Я наполнил еще одну крышку, и доктор снова выпил ее. Я налил третью.
Когда Николай Евлампиевич выпил и ее, я понял, что он опять как-то странно отключился, о чем-то снова мучительно думает, решил, что надо продолжить путь, и взял его за ладонь. Но он вежливо освободил ее из моей руки.
— Помнишь, — спросил он совершенно спокойно и разумно, — где смерть Кощеева?
Я пожал плечами.
— На дубу сундук, в сундуке яйцо, в яйце игла, и на острие иголки — его смерть.
Не очень-то я понимал, что он хочет сказать.
— А моя смерть — сын, — проговорил доктор, тихонько, будто одному мне сообщая. — Вот и он погиб! И где! В нашем лагере! Так зачем мне жить? И нет, не прав великий Федор! Все излечить невозможно. Это бессмыслица — все пережить, и слава Богу! Ха-ха-ха!
Доктор не рассмеялся, а крикнул это свое «ха-ха-ха». И мне стало не по себе. Ведь, выходит, я первым узнал о смерти его сына Жени? Сперва Елена Павловна, и почти сразу — сын?

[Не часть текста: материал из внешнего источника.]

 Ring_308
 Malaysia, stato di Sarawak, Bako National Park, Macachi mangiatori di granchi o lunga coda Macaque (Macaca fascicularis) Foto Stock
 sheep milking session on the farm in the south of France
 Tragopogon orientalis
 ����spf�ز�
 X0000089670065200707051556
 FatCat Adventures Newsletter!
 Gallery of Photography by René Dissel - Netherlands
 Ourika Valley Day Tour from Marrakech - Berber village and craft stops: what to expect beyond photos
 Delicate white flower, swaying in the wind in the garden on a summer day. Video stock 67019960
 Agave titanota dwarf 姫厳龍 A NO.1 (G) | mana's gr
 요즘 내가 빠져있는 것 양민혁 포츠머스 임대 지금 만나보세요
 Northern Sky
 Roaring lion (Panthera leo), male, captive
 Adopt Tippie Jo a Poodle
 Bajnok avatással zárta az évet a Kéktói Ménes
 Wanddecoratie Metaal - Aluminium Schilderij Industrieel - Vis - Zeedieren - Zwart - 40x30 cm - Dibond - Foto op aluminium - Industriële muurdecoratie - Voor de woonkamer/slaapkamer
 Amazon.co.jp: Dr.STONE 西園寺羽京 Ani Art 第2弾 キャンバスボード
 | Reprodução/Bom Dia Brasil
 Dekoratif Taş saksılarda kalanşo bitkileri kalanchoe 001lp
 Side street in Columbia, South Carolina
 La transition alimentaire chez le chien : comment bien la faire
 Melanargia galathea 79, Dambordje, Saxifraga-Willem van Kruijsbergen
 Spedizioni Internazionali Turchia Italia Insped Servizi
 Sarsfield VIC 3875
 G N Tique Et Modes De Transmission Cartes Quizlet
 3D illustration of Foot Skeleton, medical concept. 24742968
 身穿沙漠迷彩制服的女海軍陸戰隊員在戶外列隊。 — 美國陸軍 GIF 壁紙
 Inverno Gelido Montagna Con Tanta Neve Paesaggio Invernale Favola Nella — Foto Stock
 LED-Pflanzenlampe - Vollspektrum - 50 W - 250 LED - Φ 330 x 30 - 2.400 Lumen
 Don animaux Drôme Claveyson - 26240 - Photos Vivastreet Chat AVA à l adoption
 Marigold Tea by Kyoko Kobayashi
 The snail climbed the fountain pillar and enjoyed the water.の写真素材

Что там рассуждать — мне помогли мои невеликие лета. Не мог я как следует понять горя отца — еще рановато было. Да и он, конечно же, не рассчитывал, что найдет утешение. Ни у кого. А уж у меня — тем более. Чем поможет мальчишка, которого беречь бы надо от таких-то сообщений?
Но он и не хотел меня отяготить. Просто сказал, мимоходом. Потом резко вскочил и двинулся в сторону своего дома, словно забыв про меня. Я за ним торопился, молоко в бидончике билось, выкатывалось каплями на бока, и я тащил бидон на весу, а это не очень-то удобно. Все во мне бултыхало и мешалось, как молоко в бидончике, — Котласский лагерь, погибший там Женя, Федор. Нет, я не мог тогда в этом разобраться и не успел спросить, а понял сам, когда уже вырос, но было поздно.
Возле докторова дома мы остановились, и он уже совсем разумно сказал:
— Я знаю, — проговорил, — тебе нравятся бабочки. Возьми их. Они украсят твой дом. А мне они уже не нужны.
Я страшно смутился и смятенно ответил:
— Нельзя…Нельзя…
— Эх, ты, — усмехнулся доктор, — добрая душа…
Он открыл дверь своего коричневого дома, а я уже повернулся, чтобы идти, когда доктор сказал:
— У меня долг… Скажи бабушке, чтобы зашла. Приходите вместе.